Southbound trade from the Mediterranean was especially strong last year, rising 15 percent compared with 2016 to 250,000 TEU, while North Europe exports to ECSA grew 11 percent to 600,000 TEU, Datamar data show. The strong growth has continued into 2018 with Datamar statistics for January showing North Europe exports up 20 percent year over year and the Mediterranean up 17 percent.
Despite a better performance in the second half of the year, driven by fruit exports to the Mediterranean, the northbound trade grew 0.4 percent to 830,000 TEU.

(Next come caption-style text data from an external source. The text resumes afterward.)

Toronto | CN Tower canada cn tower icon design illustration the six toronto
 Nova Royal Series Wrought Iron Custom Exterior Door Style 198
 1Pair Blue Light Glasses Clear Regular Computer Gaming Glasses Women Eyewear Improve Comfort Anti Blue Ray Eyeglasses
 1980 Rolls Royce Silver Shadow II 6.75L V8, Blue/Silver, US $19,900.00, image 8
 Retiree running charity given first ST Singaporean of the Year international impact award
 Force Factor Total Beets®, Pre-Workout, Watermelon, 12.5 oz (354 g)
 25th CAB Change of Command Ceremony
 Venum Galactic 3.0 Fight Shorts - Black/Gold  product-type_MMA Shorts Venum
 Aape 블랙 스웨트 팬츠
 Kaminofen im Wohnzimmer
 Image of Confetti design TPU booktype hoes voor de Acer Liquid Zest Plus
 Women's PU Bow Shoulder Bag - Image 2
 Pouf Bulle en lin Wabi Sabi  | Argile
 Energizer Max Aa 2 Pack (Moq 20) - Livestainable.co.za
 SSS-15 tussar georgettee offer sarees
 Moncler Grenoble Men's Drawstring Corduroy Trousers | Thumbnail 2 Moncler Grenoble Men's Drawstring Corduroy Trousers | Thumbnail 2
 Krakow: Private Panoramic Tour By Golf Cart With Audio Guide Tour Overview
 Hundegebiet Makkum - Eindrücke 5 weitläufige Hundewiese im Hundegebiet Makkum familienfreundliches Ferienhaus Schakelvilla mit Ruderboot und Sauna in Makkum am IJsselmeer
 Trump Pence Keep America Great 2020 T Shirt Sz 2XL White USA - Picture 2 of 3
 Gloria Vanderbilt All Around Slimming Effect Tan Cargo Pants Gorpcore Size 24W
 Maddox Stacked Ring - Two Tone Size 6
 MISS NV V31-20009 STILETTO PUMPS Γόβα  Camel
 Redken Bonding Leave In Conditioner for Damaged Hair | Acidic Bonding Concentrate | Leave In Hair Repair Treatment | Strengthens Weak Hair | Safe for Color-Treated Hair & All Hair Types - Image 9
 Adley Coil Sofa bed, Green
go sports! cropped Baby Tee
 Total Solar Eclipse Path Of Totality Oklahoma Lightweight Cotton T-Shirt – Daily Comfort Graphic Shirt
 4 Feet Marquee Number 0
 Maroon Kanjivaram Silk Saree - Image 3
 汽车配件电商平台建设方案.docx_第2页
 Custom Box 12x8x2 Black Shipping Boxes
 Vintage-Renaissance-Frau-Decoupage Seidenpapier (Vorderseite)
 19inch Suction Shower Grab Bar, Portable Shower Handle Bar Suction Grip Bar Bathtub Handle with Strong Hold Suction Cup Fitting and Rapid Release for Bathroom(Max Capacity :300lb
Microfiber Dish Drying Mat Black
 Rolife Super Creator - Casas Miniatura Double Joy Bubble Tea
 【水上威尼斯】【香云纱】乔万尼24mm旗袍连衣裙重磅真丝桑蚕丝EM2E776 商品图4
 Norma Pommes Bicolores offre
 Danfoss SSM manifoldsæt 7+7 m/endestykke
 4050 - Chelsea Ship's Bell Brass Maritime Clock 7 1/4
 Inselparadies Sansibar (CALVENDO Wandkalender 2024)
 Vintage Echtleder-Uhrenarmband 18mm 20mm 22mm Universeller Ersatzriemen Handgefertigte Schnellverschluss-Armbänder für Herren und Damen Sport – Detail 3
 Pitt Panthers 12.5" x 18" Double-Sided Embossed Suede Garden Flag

IHS Markit’s Global Trade Atlas (GTA) gives a picture of the commodities being carried on the Europe-ECSA trade. The big tonnage numbers comprise raw materials, such as mineral oils, fertilizer, cement, iron, and steel, but the traditional wide range of consumer goods and perishables that are shipped in containers are also in the mix.
For instance, GTA data for 2017 compared with the previous year shows meat and shellfish exports from Europe to ECSA were up 48 percent; glass and glassware was up 37 percent; toys and sports equipment rose 29 percent; furniture, bedding, and lighting was up 12 percent; and textiles and clothing increased by 30 percent. Even nuclear reactors and associated parts was up by almost 7 percent compared with 2016.
Suspensions reduce southbound capacity
Drewry said available capacity on the southbound trade was reduced slightly by the suspension of two seasonal services in February and early March by CMA CGM and Maersk Line, both designed to tap into the more lucrative northbound reefer market. The analyst estimates that capacity on both legs will be approximately 4 percent lower in April than it was in the same month last year. Such a situation should enable some minor uplift in spot rates, which have been fairly static out of Europe and fast rising out of Latin America.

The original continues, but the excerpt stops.